Heidegger and the Mystical Tradition1


Reiner Schürmann


I should much prefer avoiding the adjective “mystical.” It evokes representations far too mixed to produce any clear understanding. I can think of no other word however to name a certain tradition in both Western and Eastern history. I shall use it therefore as a title for the cultural fact of accounts of an experience of thinking, in which one fundamental attitude manifests itself throughout an itinerary of human existence and which tends to make this itinerary the very condition for the understanding of truth.

Otto Pöggeler2 mentions that Heidegger can claim the authority of the mystical tradition when he thinks the “without why” of Being. This raises at least two questions: a) If Heidegger’s thought “and” mysticism can be put together, of what kind is their relation? b) Is there any such thing as “the” mystical tradition?—Both questions are formidable. The answer to the second question will remain implicit in this paper, as I shall certainly not attempt a dialogue between cultures. Some Japanese Buddhists (Shizuteru Ueda, Minoru Nambara, Daisetsu Teitaro Suzuki, Keiji Nishitani, Hugo Makibi Enomiya) who have written on Meister Eckhart find in him the basic intuition of Zen. I shall rather try to look at the “matter” that manifests itself as the unity of the three elements: the experience of a path, the attitude of Releasement (Gelassenheit) and an appropriate mode of thinking. This may lead us to become suspicious of concepts and propositions.

In order to answer the first question mentioned above—the relation between Heidegger’s thought and what the tradition calls mysticism—I shall try to trace these three elements, in Meister Eckhart. This choice is not arbitrary. Eckhart inaugurates a tradition. He is not only the father of the “Rhineland Mystics” of the fourteenth century, but he is also sometimes considered to be an ancestor of German Protestantism, Romanticism, and Idealism. The question is precisely: to what extent does Heidegger belong to this line of thinking? Does the “matter” Heidegger tries to remember show an essential kinship with the “matter” of the mystical experience? Or, to invert the question: Is there something in this experience that makes it resist, by its very nature, the fate of the metaphysical tradition?
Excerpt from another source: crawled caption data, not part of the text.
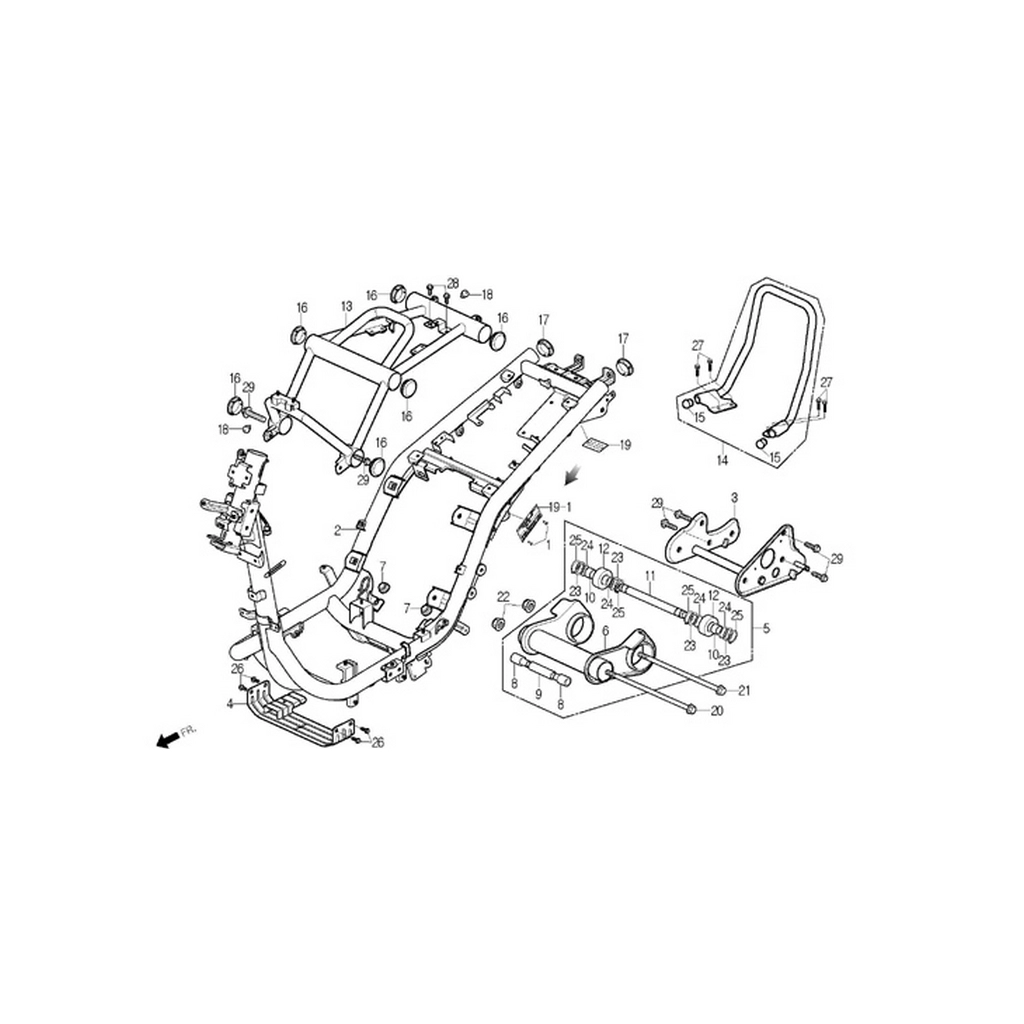 DAELIM SN125 (DL125) ARKA ON DEMIR (KIRMIZI) #DL125 F2713 KR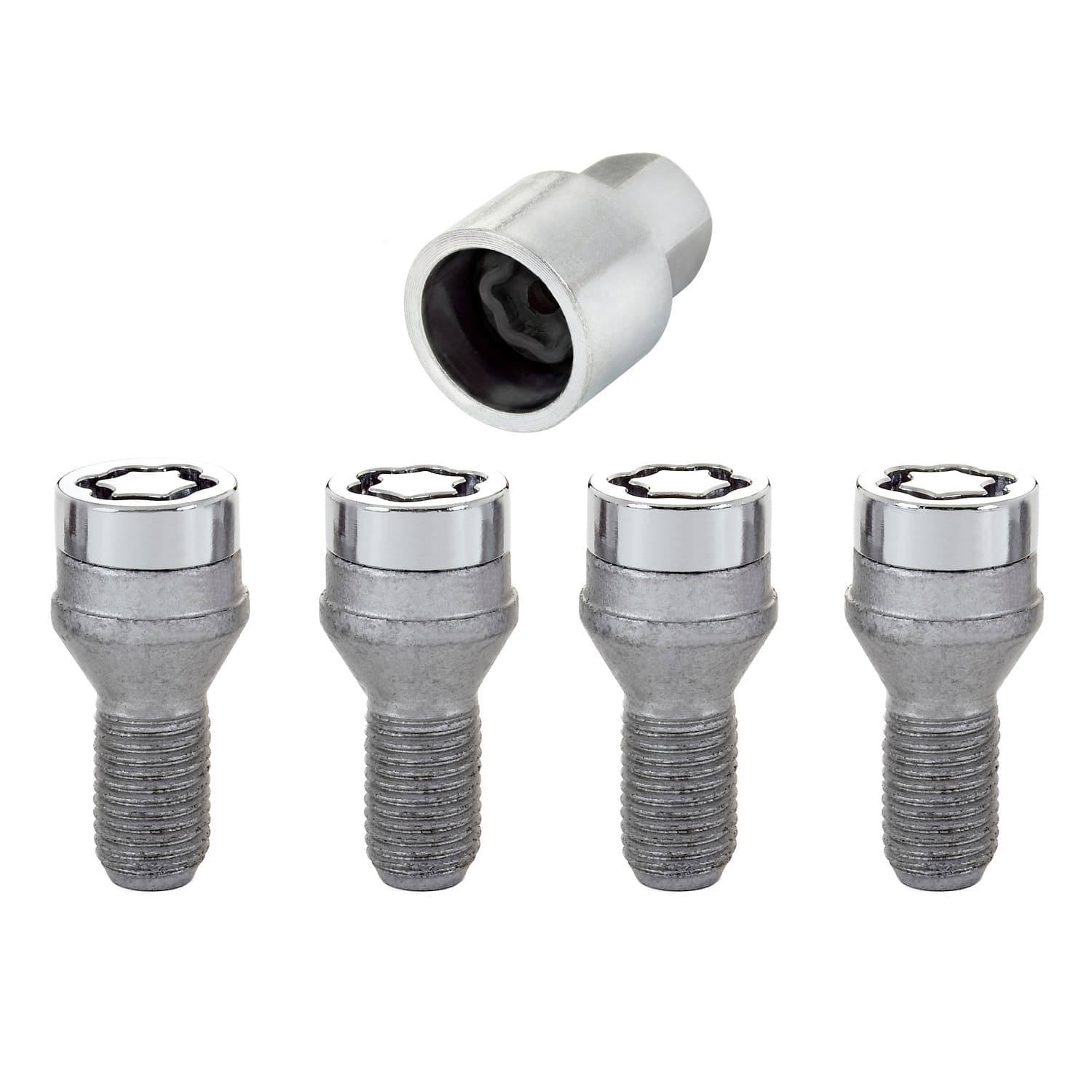 McGard Wheel Lock Set M12x1.25 Bolt Cone Seat 17mm Hex 22.0mm Shank Chrome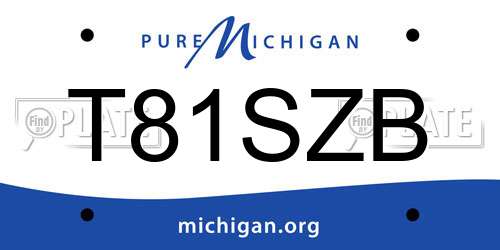 T81SZB Michigan License Plate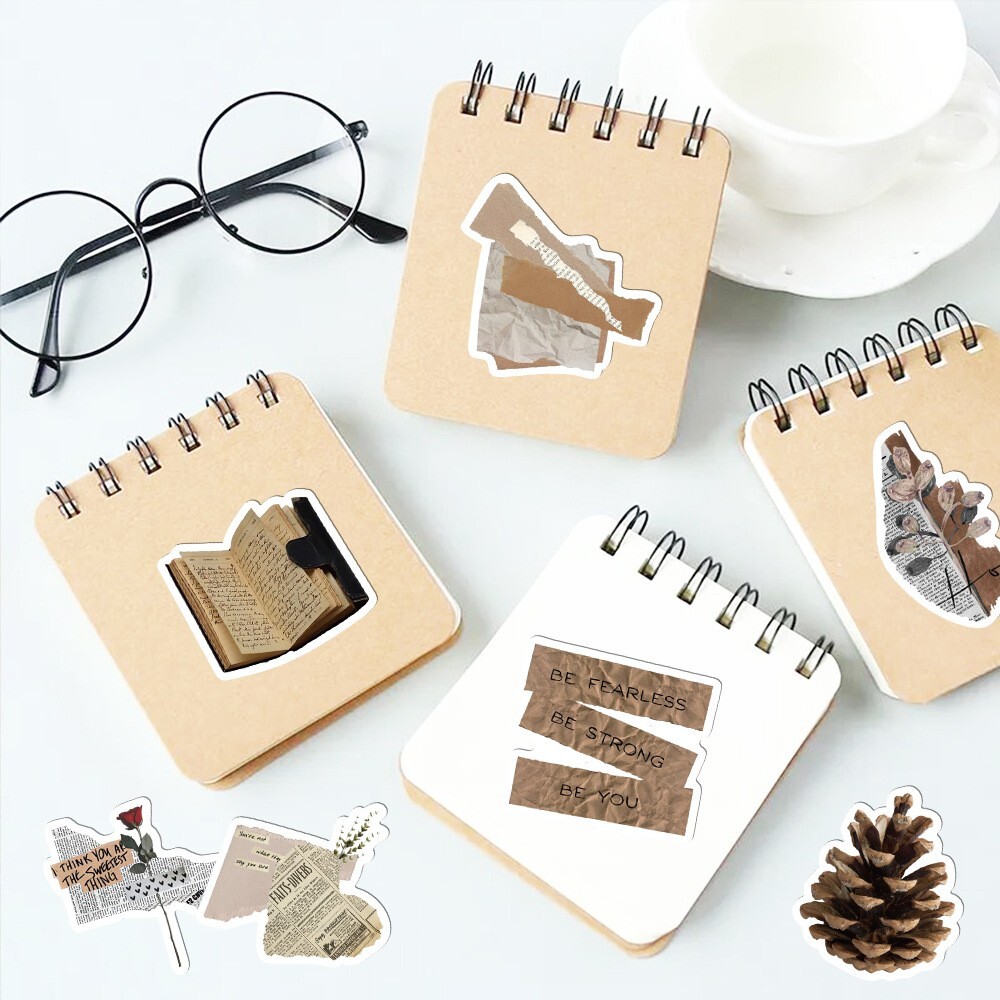 200pcs Retro Cottagecore Vintage STICKER PACK，#201206226251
Did the judges of the Inquisition, when they condemned a list of theses of Meister Eckhart’s, act as lieutenants of onto-theological thought against another mode of thought whose time had perhaps not yet come? Bernhard Welte suggests this: “The trial against the theses of the Master before the Pope’s court at Avignon gives the impression of a trial brought in action by Being itself against him who daringly forestalls its destiny.”3

I shall now present briefly four stages, or rather four intelligible moments, on the path which constitutes the central experience of Meister Eckhart. I shall then compare the result to a particular aspect of Heidegger’s thought.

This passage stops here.